Ich gehe jede Wette ein, dass kein Mensch Dimi zu Derartigem bringen könnte.

 

Er lässt sich weder im Spiel, auch nicht von Artgenossen, animieren irgendwo reinzubeissen, was nicht fressbar ist, noch irgendwelchen toten, fliegenden Gegenständen nachzujagen. Selbst wenn alle anderen Hunde begeistert damit beschäftigt sind, würdigt er sie nicht mal eines Blickes und geht in Ruhe seinen Dingen nach.

 

D.h. nicht, dass er nicht an Beute interessiert wäre. Er ist ein talentierter, blitzschneller Jäger und erlegt Mäuse selbst an der kurzen Leine im Vorbeigehen, wenn sich die Möglichkeit ergibt.

Und wie so viele Windhunde, klinkt er sich mental aus und reagiert einfach überhaupt nicht mehr, wenn der Ton, in dem er angesprochen wird zu rau oder unfreundlich wird.

 

Wenn also jemand behauptet, jeder Hund könne sich zum Schutzdienst bringen lassen, vermute ich mal stark, dass derjenige nicht das ganze Spektrum an Hundetypen kennt.

 

 

Am 12.2.2020 um 20:06 schrieb Kanae:

Ich weiß es auch nicht so genau, Schutzhundedienst habe ich noch nie in echt gesehen, aber ich war mal kurz auf dem Gelände eines Schäferhundvereins.
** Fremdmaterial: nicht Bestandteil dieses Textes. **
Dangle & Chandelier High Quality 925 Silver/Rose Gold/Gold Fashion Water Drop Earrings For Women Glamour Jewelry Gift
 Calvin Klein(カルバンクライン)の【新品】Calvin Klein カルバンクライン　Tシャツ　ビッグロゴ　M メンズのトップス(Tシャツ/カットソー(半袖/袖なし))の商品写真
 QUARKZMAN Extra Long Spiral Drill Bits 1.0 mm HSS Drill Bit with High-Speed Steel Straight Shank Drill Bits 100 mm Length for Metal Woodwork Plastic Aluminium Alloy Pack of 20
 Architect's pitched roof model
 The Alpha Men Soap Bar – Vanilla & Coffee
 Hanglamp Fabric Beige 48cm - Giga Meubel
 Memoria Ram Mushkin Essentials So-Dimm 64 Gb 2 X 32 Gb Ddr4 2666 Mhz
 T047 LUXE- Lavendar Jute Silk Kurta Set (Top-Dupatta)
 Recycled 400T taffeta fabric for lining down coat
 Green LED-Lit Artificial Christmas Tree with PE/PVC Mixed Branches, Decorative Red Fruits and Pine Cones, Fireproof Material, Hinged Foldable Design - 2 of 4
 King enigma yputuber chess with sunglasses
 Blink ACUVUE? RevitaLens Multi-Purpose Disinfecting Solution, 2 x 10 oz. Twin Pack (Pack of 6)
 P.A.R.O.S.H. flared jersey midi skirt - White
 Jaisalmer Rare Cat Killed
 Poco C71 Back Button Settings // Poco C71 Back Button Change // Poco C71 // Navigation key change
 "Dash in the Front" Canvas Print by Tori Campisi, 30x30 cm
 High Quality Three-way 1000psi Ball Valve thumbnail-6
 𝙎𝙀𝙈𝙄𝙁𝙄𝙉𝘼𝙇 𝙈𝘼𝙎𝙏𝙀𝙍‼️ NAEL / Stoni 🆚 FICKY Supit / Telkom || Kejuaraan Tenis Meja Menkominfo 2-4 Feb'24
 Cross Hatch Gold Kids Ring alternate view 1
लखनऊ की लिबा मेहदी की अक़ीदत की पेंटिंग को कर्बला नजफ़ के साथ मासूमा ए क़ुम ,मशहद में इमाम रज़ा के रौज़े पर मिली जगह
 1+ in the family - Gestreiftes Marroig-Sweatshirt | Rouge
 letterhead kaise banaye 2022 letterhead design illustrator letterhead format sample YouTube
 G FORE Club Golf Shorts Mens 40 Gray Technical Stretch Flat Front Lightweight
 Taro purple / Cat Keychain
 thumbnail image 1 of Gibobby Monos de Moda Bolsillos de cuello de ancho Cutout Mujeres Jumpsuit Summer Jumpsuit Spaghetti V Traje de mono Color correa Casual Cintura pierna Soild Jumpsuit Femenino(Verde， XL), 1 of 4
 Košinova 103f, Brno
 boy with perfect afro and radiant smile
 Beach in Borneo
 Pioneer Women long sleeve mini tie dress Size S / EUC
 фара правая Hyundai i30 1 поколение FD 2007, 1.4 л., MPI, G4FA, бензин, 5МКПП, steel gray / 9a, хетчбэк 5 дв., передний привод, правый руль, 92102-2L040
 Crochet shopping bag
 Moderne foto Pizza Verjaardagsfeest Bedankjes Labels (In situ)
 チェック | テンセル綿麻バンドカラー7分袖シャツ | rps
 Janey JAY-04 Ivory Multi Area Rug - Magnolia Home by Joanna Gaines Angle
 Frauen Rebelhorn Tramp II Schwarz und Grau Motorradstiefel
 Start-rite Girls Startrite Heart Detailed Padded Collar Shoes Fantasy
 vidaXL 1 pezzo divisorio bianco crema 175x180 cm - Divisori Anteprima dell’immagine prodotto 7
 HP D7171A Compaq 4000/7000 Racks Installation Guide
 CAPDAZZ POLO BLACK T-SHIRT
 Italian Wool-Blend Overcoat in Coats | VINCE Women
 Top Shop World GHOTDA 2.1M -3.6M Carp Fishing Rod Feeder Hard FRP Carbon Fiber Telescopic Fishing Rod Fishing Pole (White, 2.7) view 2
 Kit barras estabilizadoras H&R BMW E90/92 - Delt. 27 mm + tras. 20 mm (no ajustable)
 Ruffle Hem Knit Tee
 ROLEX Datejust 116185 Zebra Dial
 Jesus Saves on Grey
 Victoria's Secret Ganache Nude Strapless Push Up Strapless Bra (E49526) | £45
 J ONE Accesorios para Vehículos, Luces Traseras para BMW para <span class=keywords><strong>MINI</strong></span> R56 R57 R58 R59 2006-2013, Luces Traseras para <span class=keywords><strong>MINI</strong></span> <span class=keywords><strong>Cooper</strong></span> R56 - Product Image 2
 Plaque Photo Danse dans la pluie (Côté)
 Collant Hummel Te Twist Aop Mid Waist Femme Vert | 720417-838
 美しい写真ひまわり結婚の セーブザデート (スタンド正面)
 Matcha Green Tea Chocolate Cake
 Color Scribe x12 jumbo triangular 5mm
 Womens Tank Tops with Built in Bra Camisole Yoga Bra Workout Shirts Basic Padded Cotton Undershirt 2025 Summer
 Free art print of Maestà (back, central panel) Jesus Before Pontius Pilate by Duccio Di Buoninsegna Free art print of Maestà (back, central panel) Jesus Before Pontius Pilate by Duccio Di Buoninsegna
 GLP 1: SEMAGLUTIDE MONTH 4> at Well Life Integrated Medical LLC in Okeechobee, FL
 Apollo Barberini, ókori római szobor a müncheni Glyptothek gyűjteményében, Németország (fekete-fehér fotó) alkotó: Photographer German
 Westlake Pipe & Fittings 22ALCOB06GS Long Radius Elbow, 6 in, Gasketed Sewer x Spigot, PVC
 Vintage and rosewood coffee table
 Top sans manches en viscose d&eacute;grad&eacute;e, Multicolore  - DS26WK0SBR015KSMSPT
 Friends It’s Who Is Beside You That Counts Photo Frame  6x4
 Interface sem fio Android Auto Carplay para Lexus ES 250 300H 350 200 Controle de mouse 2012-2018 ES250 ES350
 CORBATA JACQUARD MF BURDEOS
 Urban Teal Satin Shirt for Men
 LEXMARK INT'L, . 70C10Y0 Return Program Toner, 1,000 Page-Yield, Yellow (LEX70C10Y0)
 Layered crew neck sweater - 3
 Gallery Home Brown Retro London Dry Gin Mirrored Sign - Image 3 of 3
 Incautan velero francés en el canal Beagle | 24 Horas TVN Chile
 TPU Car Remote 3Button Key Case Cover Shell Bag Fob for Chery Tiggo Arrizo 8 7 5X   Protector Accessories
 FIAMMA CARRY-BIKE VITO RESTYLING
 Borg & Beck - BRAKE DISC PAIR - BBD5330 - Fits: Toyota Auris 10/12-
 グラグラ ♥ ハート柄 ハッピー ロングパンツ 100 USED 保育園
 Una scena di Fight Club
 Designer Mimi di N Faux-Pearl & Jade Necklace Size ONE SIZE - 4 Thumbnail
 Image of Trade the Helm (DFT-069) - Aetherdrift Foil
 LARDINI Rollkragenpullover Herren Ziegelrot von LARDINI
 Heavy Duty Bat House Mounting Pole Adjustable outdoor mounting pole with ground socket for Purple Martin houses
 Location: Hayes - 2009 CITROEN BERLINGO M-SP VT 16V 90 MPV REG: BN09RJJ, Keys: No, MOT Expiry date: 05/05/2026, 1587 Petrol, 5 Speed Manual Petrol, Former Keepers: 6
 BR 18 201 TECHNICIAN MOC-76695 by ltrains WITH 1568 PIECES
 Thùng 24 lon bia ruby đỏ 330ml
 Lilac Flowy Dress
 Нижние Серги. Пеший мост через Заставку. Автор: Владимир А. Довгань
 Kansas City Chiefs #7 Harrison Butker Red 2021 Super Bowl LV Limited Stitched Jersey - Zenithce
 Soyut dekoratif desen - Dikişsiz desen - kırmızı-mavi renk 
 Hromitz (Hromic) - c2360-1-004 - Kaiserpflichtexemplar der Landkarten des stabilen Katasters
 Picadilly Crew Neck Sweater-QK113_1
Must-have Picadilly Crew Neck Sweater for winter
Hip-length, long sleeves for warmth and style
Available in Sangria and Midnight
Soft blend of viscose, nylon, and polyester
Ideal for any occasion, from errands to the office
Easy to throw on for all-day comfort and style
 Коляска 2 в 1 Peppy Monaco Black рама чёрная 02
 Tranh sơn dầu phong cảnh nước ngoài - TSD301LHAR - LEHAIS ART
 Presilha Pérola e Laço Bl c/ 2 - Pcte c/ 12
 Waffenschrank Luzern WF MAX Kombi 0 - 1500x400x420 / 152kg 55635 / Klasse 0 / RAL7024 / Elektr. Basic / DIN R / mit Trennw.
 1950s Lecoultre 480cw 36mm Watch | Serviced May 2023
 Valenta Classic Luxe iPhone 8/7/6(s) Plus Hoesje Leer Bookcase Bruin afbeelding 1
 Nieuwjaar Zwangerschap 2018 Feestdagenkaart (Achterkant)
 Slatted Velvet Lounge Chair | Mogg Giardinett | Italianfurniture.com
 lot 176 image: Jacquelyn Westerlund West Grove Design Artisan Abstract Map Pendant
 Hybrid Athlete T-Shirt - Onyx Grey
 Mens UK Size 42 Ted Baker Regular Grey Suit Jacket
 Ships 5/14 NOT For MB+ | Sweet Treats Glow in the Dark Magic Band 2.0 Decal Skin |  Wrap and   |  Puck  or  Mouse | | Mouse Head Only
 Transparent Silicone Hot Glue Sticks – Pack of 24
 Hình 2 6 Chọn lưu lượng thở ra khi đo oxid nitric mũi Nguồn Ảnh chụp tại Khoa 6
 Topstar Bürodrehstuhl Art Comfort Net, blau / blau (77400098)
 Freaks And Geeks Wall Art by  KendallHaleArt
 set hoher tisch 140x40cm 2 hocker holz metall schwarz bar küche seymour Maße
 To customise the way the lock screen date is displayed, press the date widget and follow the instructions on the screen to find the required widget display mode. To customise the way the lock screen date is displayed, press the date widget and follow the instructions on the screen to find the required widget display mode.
Das mag nicht repräsentativ sein, sah aber nach so einem uralten "traditionellen" Verein aus, wo die Stammleute in einer kleinen Hütte saßen und kette rauchten, die Hunde waren in kleinen mit Draht umzäunten Verschlägen draußen und sollten wohl auf keinen Fall Kontakt zueinander haben, meinen Hund durfte ich aus Sicherheitsgründen auch nicht mit auf das Gelände nehmen. Alle Hunde bellten laut am Zaun, wurden angeschrien und ich ging nach wenigen Minuten, da dort nichts los zu sein schien in dem Moment und ich ja auch keinen Schäferhund habe. War mir etwas unheimlich da und weckte unangenehme Erinnerungen an manche Reitvereine, die ich in meiner früheren Jugend erleben durfte.. Allerdings gibt es bei Vereinen mit Sicherheit solche und solche und ich war nur sehr kurz da, kann nicht mal ausschließen, dass die da gerade mit schwierigen Hunden irgendetwas geübt haben und das der Grund für den Sicherheitshinweis und die unfreundlichen Hunde in den Verschlägen war... Aber insgesamt hat dieser Eindruck halt all meine negativen Vorurteile und Bilder im Kopf bestätigt, weshalb ich unbedingt irgendwann noch andere Vereine angucken will, wenn es sich ergibt und ich mal wieder zufällig auf einen stoße.

 

 

"Schutzdienst" bedeutet ja erstmal nicht zwangsläufig, dass der Hund irgendwo reinbeissen muss. Das ist ja quasi die Belohnung für das Finden und stellen einer Person. 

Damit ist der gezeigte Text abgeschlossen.